主にゆだねる-ルツの信仰と絆に学ぶ
(ルツ記 1:15-18)
ナオミは言った。「御覧なさい、オルパは自分の民のもとに、自分の神のもとに帰って行きました。あなたも彼女の後を追って帰りなさい。」
しかしルツは言った。
「あなたを見捨て、あなたに背を向けて帰るなど
そんなひどいことをさせないでください。
あなたが行かれる所に私は行き
あなたがとどまる所に私はとどまります。
あなたの民は私の民
あなたの神は私の神です。
あなたが死なれる所で私は死に
そこに葬られたいのです。
死に別れでなく、私があなたと別れるならば
主が幾重にも私を罰してくださいますように。」
ナオミは、ルツが一緒に行くと決意を固めているのを見て、それ以上言うのはやめた。
(ルツ記 1:15-18) 『聖書 聖書協会共同訳』より引用
「あなたを見捨て、あなたに背を向けて帰るなど、そんなひどいことをさせないでください。」ルツのこの言葉は、深い忠誠心と愛を示しています。彼女はナオミの元を離れ、故郷へ帰ることを拒みました。なぜなら、彼女にとってナオミは単なる義母ではなく、信仰の伴侶であり、自らの運命を共にする存在だからです。

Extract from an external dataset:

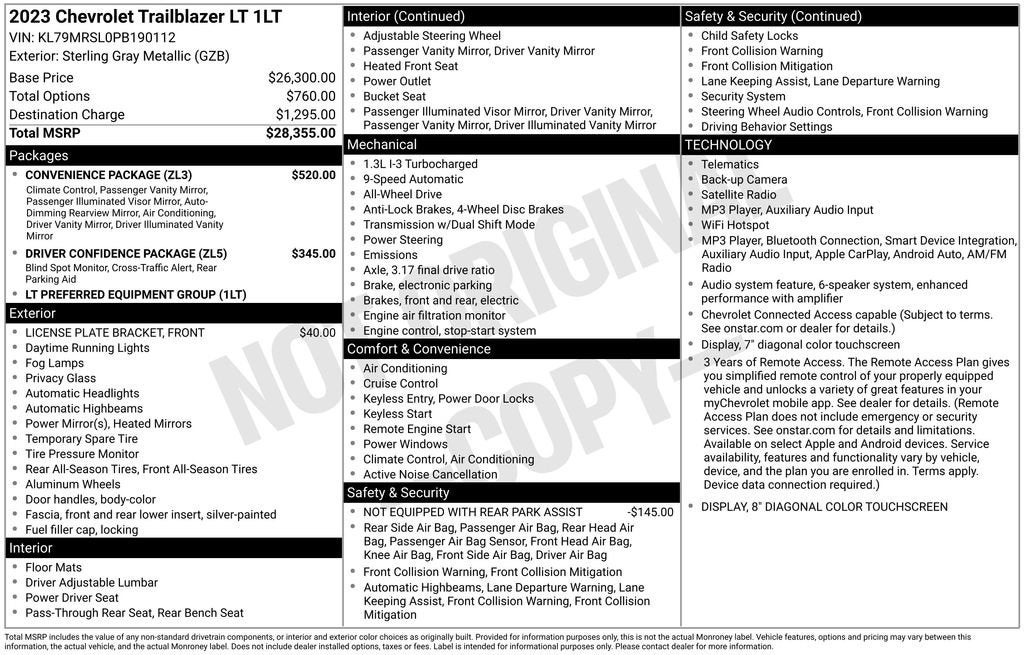 2023 Chevrolet Trailblazer LT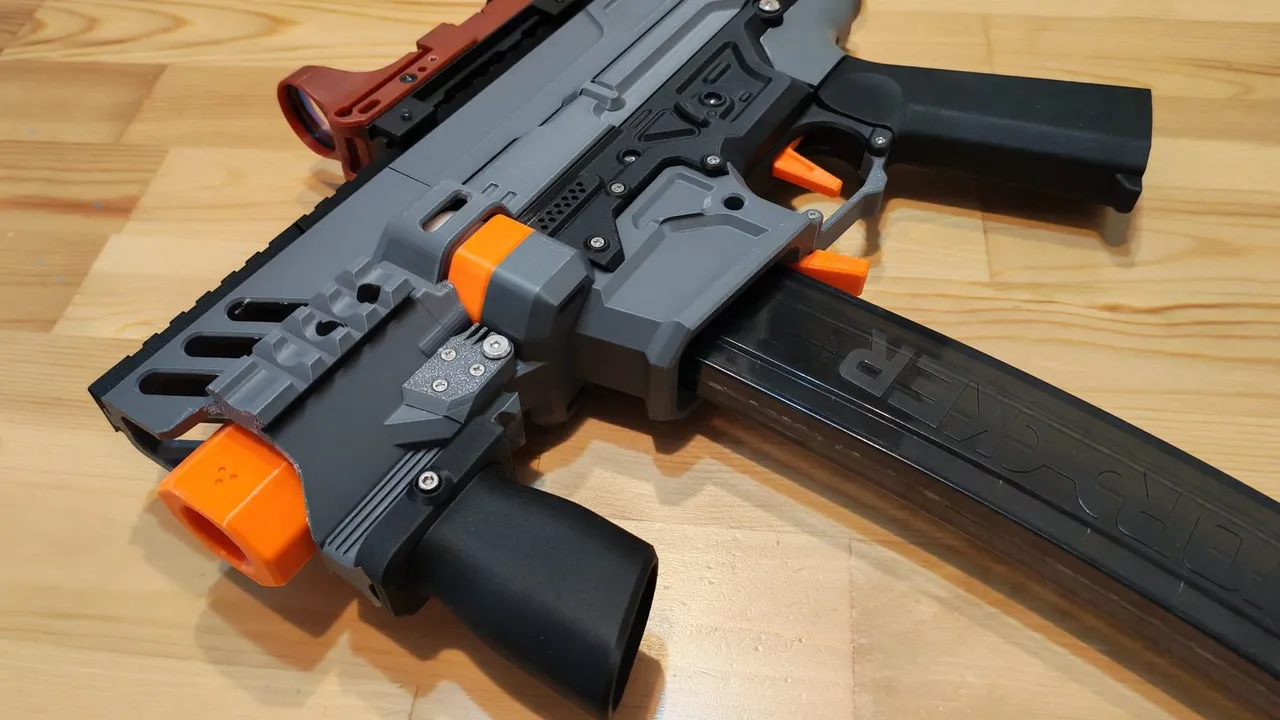 Fangs 737K (Full auto Blaster) *Stl file only by Hing Yip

「あなたが行かれる所に私は行き、あなたがとどまる所に私はとどまります。」この言葉は、私たちが神との関係や、人との絆がどれほど大切であるかを教えてくれます。愛する者と共に歩むことこそが、私たちの信仰の道であることを示しています。ナオミの民を自分の民とし、ナオミの神を自分の神とすることは、信仰の決断であり、愛の証です。

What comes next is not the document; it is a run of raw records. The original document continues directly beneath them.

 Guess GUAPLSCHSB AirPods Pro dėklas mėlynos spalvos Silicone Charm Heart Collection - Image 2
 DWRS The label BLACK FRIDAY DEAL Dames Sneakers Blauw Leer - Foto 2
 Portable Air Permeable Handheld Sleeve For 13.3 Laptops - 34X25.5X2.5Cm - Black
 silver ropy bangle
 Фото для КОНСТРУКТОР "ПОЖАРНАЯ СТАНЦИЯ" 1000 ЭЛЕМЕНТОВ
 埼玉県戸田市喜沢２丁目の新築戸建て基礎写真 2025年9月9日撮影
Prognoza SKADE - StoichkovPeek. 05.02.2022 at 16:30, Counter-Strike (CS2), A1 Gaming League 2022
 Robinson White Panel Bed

「あなたが死なれる所で私は死に、そこに葬られたいのです。」ルツのこの決意は、死が彼女とナオミの関係を断つことはないという、確固たる思いを表現しています。信頼と愛に基づく結びつきは、世を超えたものでしょう。ルツ記は、信仰を持つ者の絆の強さと、困難な時にこそ愛が勝ることを教えています。
今日、私たちもルツのように、主にゆだね、愛する者との絆を大切にしながら歩んでいけるように、心がけていきたいものです。「主が幾重にも私を罰してくださいますように。」この言葉もまた、ナオミとの絆を守る決意の強さを示しています。私たち一人一人が、この信仰と献身を思い起こし、主と共に歩んで行くことができますように。